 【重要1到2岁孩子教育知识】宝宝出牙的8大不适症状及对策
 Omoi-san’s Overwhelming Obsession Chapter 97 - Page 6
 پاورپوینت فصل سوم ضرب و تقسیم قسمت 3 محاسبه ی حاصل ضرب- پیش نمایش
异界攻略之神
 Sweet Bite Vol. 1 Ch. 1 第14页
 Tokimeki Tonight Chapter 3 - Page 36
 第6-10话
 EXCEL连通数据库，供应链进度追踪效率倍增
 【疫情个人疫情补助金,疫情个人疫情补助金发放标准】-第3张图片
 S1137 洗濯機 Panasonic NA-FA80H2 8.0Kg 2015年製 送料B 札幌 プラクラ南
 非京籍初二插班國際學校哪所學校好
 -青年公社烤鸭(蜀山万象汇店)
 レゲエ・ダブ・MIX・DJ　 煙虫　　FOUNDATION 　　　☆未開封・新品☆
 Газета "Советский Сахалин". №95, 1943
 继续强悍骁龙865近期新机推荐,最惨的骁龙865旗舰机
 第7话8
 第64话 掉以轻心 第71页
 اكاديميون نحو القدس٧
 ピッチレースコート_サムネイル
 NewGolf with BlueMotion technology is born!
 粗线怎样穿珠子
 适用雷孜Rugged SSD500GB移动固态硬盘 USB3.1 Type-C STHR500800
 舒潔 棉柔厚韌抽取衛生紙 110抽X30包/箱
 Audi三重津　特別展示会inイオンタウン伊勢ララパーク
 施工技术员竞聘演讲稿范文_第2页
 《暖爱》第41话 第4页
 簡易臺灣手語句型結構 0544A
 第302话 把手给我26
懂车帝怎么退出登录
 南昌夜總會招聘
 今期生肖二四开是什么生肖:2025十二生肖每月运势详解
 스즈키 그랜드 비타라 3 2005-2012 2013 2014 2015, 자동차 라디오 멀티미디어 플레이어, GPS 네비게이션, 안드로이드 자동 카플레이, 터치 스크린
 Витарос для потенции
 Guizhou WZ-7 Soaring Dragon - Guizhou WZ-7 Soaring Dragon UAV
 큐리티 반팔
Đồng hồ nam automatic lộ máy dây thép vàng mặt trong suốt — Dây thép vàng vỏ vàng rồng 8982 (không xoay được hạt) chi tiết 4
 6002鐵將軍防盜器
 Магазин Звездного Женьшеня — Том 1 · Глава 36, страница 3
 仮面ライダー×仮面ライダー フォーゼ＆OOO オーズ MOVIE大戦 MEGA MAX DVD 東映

=====

#### [WHAT YOU NEED TO DO]
Lines from the entries that contain the string "Page" are what must be copied.

#### [TASK SOLUTION]
 Omoi-san’s Overwhelming Obsession Chapter 97 - Page 6
 Tokimeki Tonight Chapter 3 - Page 36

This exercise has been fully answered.